Se entendieron a la primera y colgó convencida de que Tim no necesitaría más de un par de horas para averiguarlo todo de Manel Bernat. Por unos instantes recuperó la sensación de control a la que estaba acostumbrada antes de recibir la llamada de Dana la semana anterior. Bajó del coche, se puso la chaqueta y al colgarse el bolso en el hombro notó en las costillas el borde de la caja. Sin quitarse la chaqueta volvió a entrar en el coche y cerró la puerta. Comprobó con un vistazo que estaba sola en el aparcamiento, que nadie la observaba, y extrajo la caja. Luego la abrió.

Puso los retratos de Rosalía, Marian y Manel, que estaban encima de todo, sobre la caja y las fotografió una a una con la BlackBerry. Luego vació uno de los sobres, metió dentro las fotos de Rosalía y lo guardó en la guantera.

Cuando entró en la comisaría, Montserrat la recibió algo nerviosa. Seguro que el sargento había llamado para avisarla de que parase el golpe. De acuerdo, pero eso no les ahorraría el marrón que iba a montarles, en cuanto todo saliese a la luz, por haber imputado a una inocente.

Montserrat le abría la puerta de acceso a los despachos cuando la pantalla de la BlackBerry se iluminó. Kate levantó un dedo para pedirle un segundo a la secretaria y salió fuera a contestar.

—Hola, ¿va todo bien?

—…

—No me lo puedo creer. Bueno, dile que a la hora que venga estaré ahí para pagarle. No es momento de cambiar de proveedores. ¿Sabes cuánto se le adeuda?

—…

—Ah, de acuerdo.
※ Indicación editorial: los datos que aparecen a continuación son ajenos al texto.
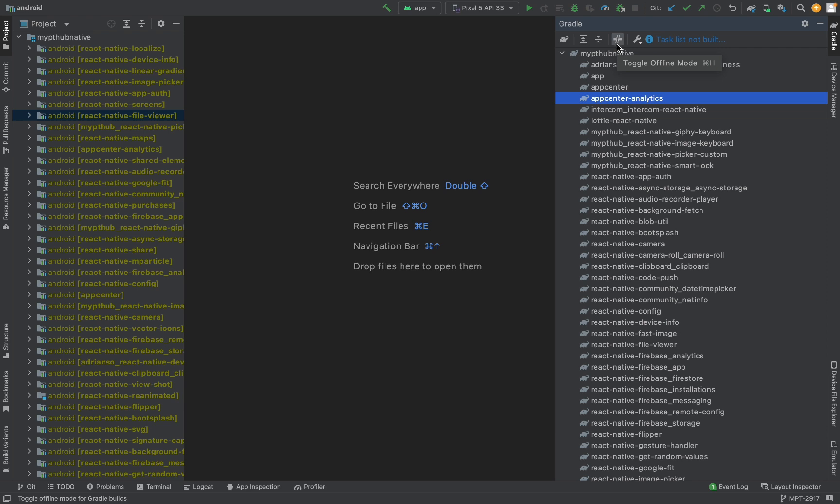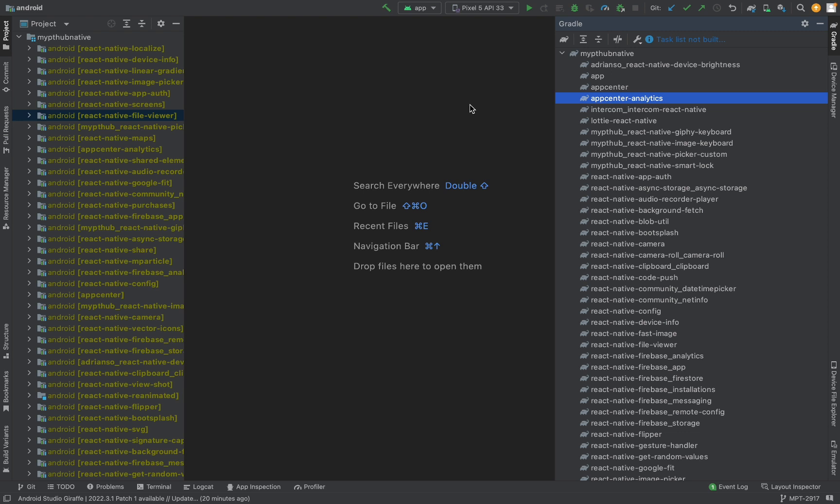To disable offline mode, we need to press on it again. Now we can use internet data and building will be without any errors.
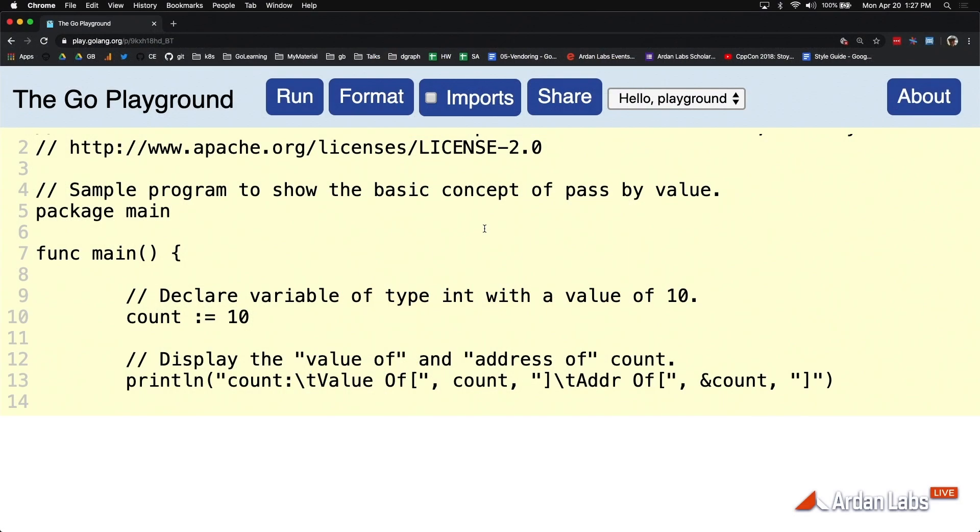So this is going to be an example of our value semantics, where in this case, every function is going to be operating on its own copy of the data to isolate that data and its mutations at a function level.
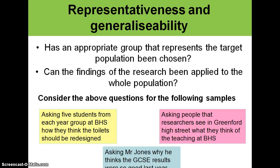In order to get a representative sample — a sample of people who represent the population that you're studying — you need to use a sampling frame. Looking at these three examples, you have to consider whether an appropriate group that represents the target population has been chosen, so that we have actually selected the right people who will be able to give their opinions on what we're looking for.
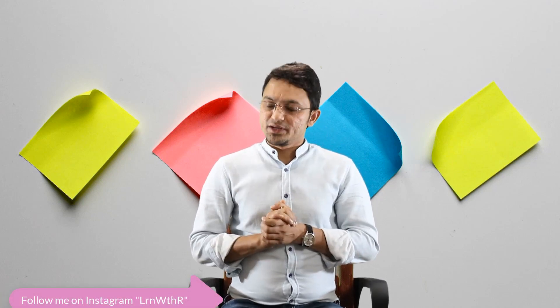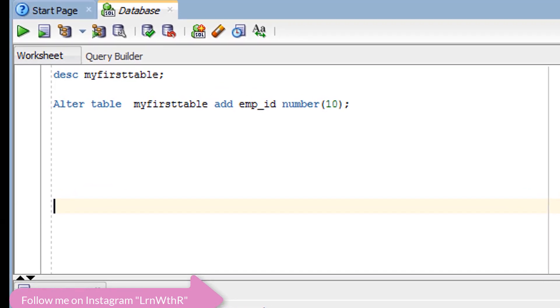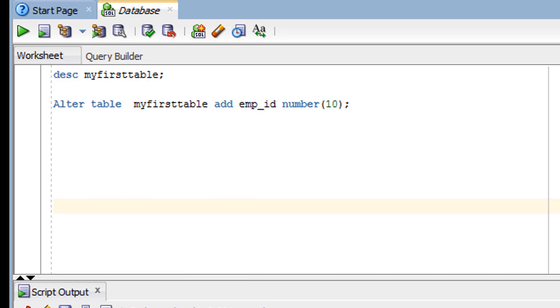Now let's see the practical example of the ALTER statement in SQL Developer — how to add, modify, and remove a column. To briefly recap: the ALTER statement is used to modify the definition of a table. We can perform four operations: addition of a new column, renaming a column, removing a column, and modifying the data type of a column.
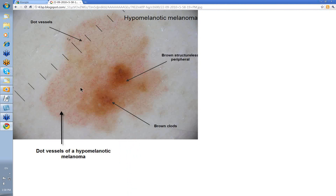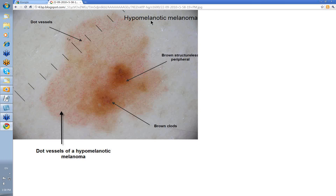Here you can have these dot vessels — lots of dots. Remember I said dots could be a feature of melanoma or nevus. You've got a sort of brown structureless area here, some brown clods in here. And this was a hypomelanotic melanoma, so the dot vessels helped you in making your diagnosis.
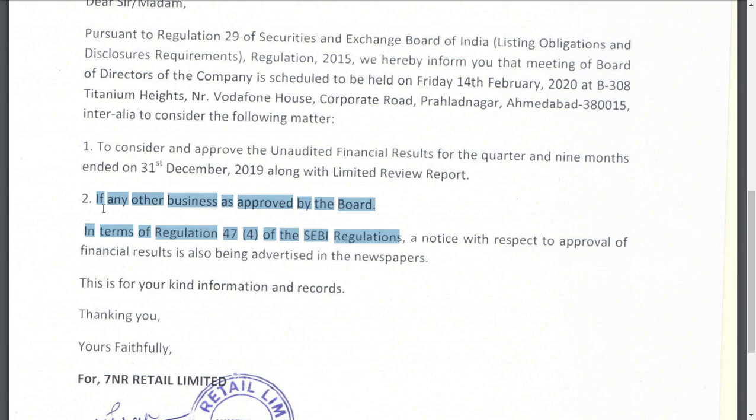So guys, if this quarter's results are very, very good, I think the share price may reverse back. If the share price does not reverse back, I think don't lose hope guys. If the result is positive, then the company may grow and the book value may increase. So finally it will be anyhow helpful for you guys. And this is what we want to say on 7NR Retail Limited.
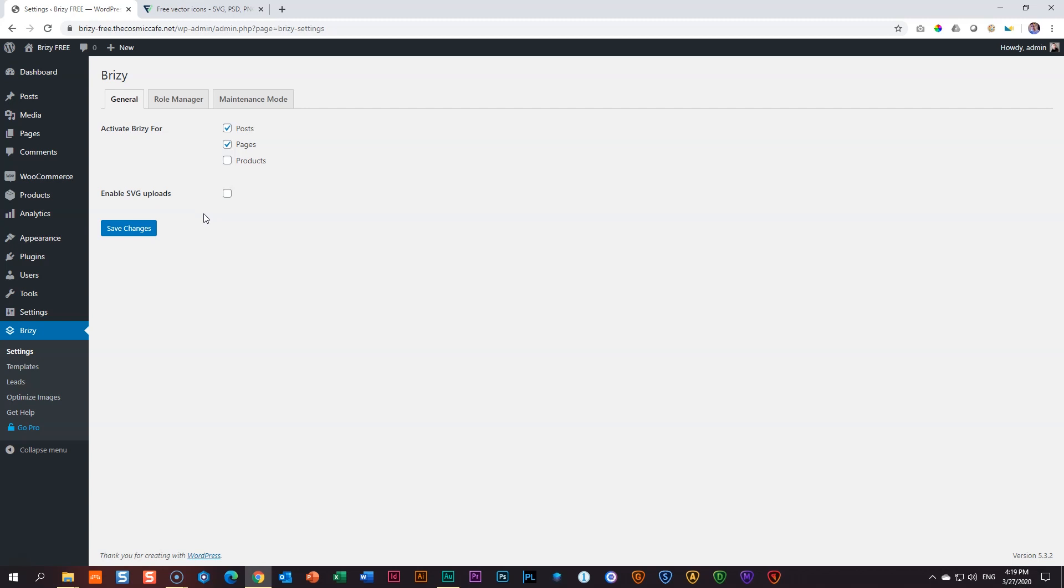So it's always important that when you bring in SVGs, it comes from a reputable source or you created it by yourself in any platform like Adobe Illustrator or Photoshop, any of those instances. When you bring in those SVGs, no problem. You know they are safe. I'm going to enable SVG uploads and click Save Changes.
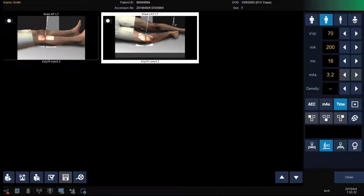Select your workstation. Verify your generator settings based on patient size. Position your patient and make your exposure.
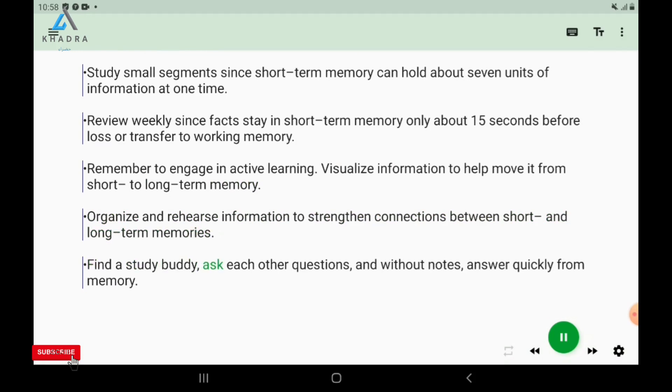Find a study buddy, ask each other questions, and without notes, answer quickly from memory.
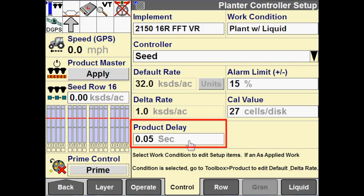For 2000 series planners, they have an electric drive and that product delay is very short — it defaults to 0.05 seconds. However, for liquid application, that product delay time might be a little longer. Again, there are formulas for how to calculate that product delay found in software operating guides.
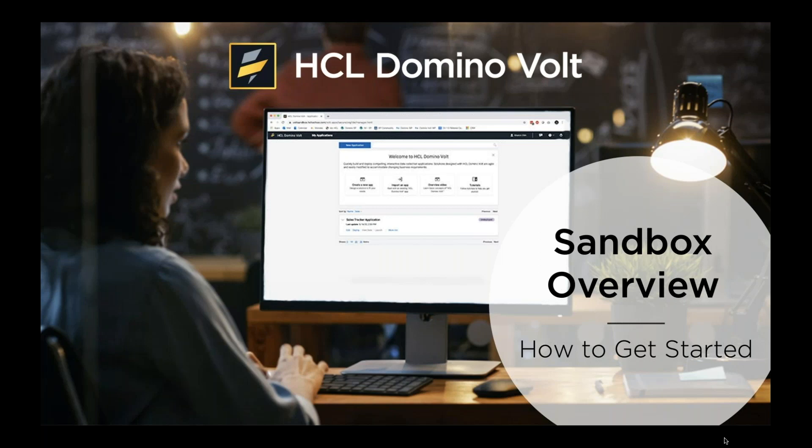Hi everyone, welcome to the DominoVolt sandbox overview. Today I'm going to show you how to register for an account and how to get started with the resources we've provided.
De todos modos, tengo que pasar por la finca y luego ir al banco, así que no habrá ningún problema. Chico…, ¿de veras necesitamos ese forraje?

—…

—Entonces dile que estaré ahí a las once, que no venga antes ni después porque me habré ido y no cobrará. Tampoco vamos a ponérselo tan fácil.

—…

—No te he comentado nada, pero gracias. Lamento que tengas que lidiar con esto, pero por ahora es lo que hay. Mañana intentaré poner al día las cuentas de la finca para que no vuelva a ocurrir.

—…

—Vale, nos vemos allí.

Cuando colgó, Kate necesitó respirar hondo varias veces antes de volver a marcar. Era el peor momento para vender, pero esperaba que el dinero de las acciones bastase para poner la finca al día y no tener que andar apagando incendios, como parecía que había estado haciendo Dana. Se dio la vuelta y entró en el edificio.

Montserrat la recibió como una polilla a la luz. Le hizo una seña para que la siguiese, pero, de improviso, una de las puertas se abrió para dejar paso a la madrastra del castillo. Por lo menos ésa fue la impresión que tuvo Kate cuando vio la melena roja de la comisaria en el marco de la puerta.